Bus services from Clovelly, northern Coogee and Bronte and from Botany are collateral damage in the North Shore push to cripple public bus services south of the Harbour and force passengers onto privately-operated trams. The bus services from South Sydney and Botany are particularly savaged. Buses that enter the bus bay south of Foveaux Street are trapped by traffic queued at the gridlocked intersection. When kerb blisters were built in Elizabeth Street at Martin Place bus drivers refused to be trapped at the pedestrian lights and stopped in the through lane second from the kerb, but congestion here affected only passengers boarding buses north of Martin Place and it was only a pedestrian crossing.

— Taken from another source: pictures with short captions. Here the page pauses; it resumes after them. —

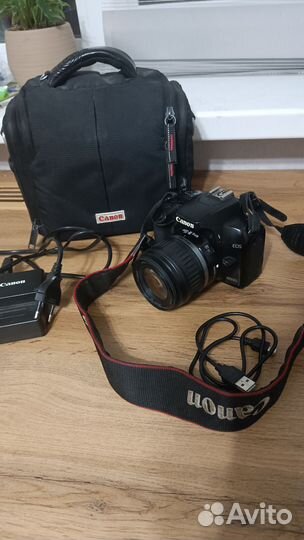 Фотоаппарат Canon EOS 1000D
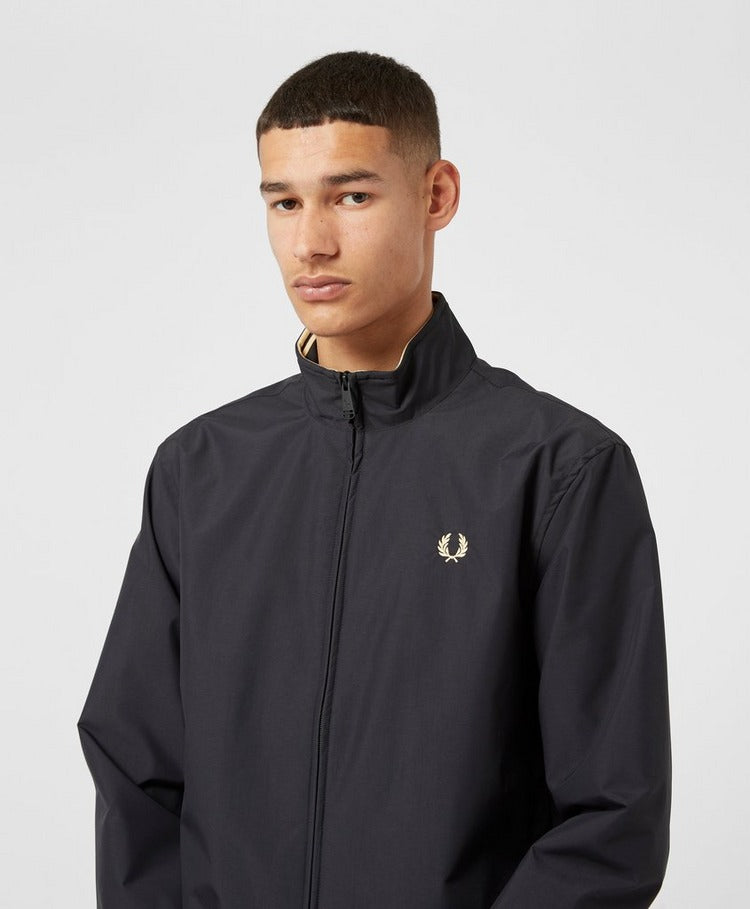 Fred Perry J2660 Brentham Jacket 102 Black – Vault Menswear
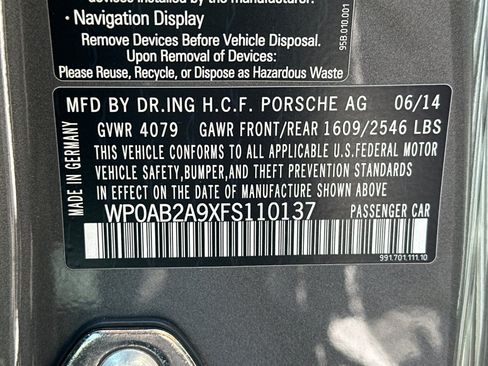 Used 2015 Porsche 911 Carrera S RWD image 27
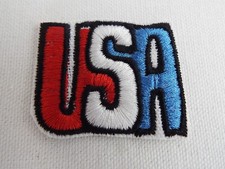 USA Embroidery Iron-on Patch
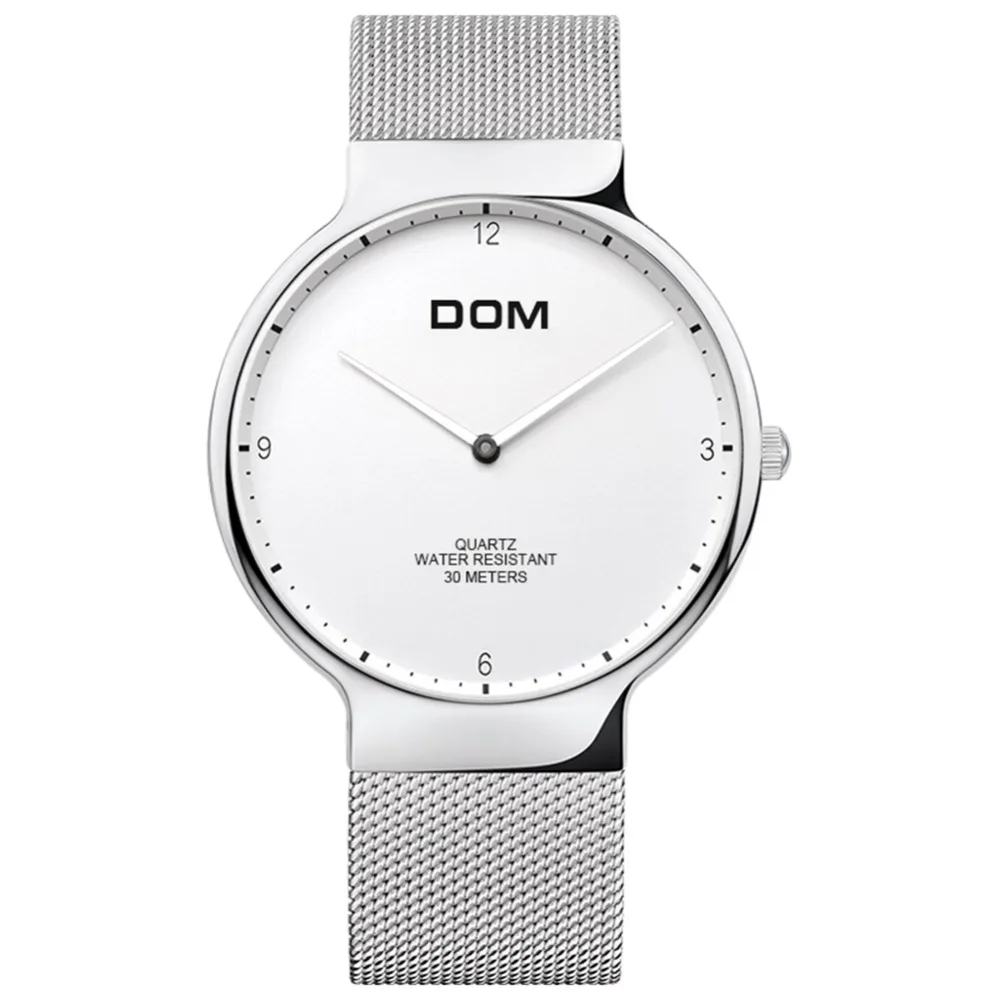 

Men's Watch Luxury Full Steel Watches Fashion Quartz Wristwatch Waterproof Male Clock Relogio Masculino Relojes Hombre whatches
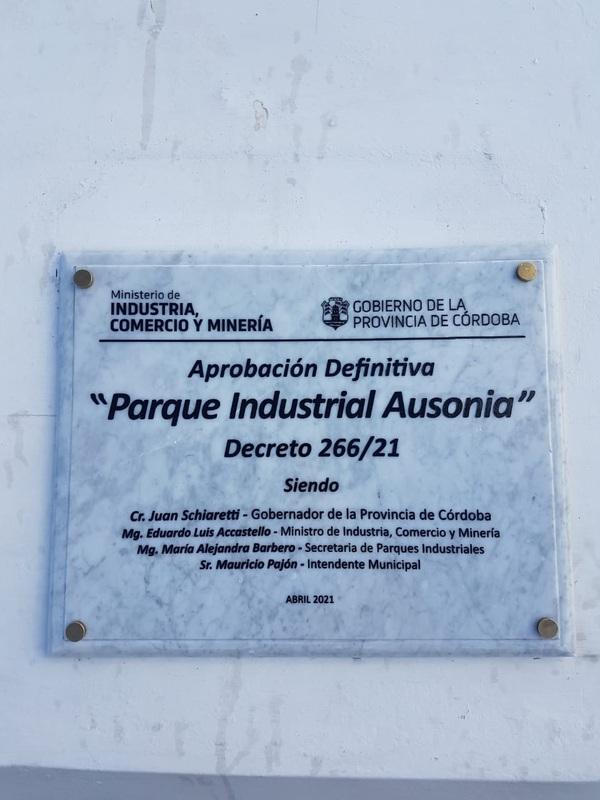 En CONECAR, el espacio productivo de Ausonia fue declarado Parque Industrial - Image 6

Gridlock at the critical Foveaux/Elizabeth Streets intersection creates inestimable delays in the bus journeys of every commuter from the south of Sydney to every destination in the CBD.

Residents of Bronte, Clovelly and Coogee should note that their MP Notley-Smith was in on it right from the start but has said and done nothing to look after the interests of his constituents or even to keep them informed.

The Pitt/Castlereagh tram alignment does not create gridlock in any of the traffic arteries between the Eastern Suburbs and the rest of Sydney south of the Harbour and does not degrade any existing bus service.